Single by Sam Smith

from the album In the Lonely Hour
- Released: 12 February 2014
- Recorded: 2013
- Genre: House
- Length: 3:14
- Label: Capitol
- Songwriters: Ben Ash; Sam Smith;
- Producer: Two Inch Punch

Sam Smith singles chronology
| "When It's Alright" (2013) | "Money on My Mind" (2014) | "Stay with Me" (2014) |

= Money on My Mind =

"Money on My Mind" is a song by the English singer Sam Smith, and the second single from their debut studio album, In the Lonely Hour (2014). The song was released in Italy on 27 December 2013. It was later released in the UK on 12 February 2014 and in Germany on 16 February 2014.

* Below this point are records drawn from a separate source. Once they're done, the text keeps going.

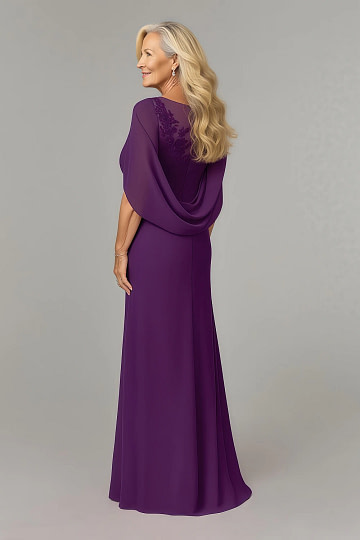 Akaks Abigail Mother of the Bride Dress Grape A-Line Floor Length Lace Capelet Chiffon Dress Image256083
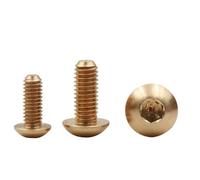 Wildeep 5/10pcs M3 M4 M5 M6 Lunghezza 5-25mm Puro Ottone Esagono Esagono Incassato Vite Pulsante Bullone(16mm,M4 (10Pcs))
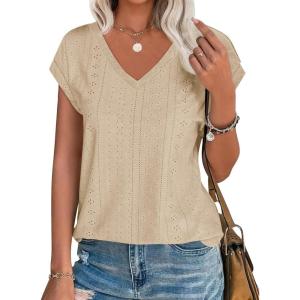 imageImily Bela Womens V Neck TShirt Summer Cap Sleeve Dressy Casual Tops Eyelet Embroidered Fashion TeesLight Beige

The song peaked at number one on the UK singles chart and number 4 on the Irish Singles Chart. The song also charted in Austria, Belgium, Denmark, Germany and the Netherlands. The song was written by Sam Smith and Ben Ash, produced by Two Inch Punch (Ben Ash) and mixed by Steve Fitzmaurice, with vocals recorded by Steve Fitzmaurice and Darren Heelis.

== Music video ==
A music video to accompany the release of "Money on My Mind" was directed by Jamie Thraves and first released onto YouTube on 12 January 2014 at a total length of three minutes and thirty-two seconds. The video shows Smith performing the track in Las Vegas, as people win and lose money in the casino capital.

== Critical reception ==
Robert Copsey of Digital Spy gave the song a mixed review, calling its chorus "a lazy search for a hook." In his debut piece for Noisey, Robert Christgau reviewed In the Lonely Hour and cited Money on My Mind as a highlight of the album, calling it "an emotionally complex reflection on his record deal".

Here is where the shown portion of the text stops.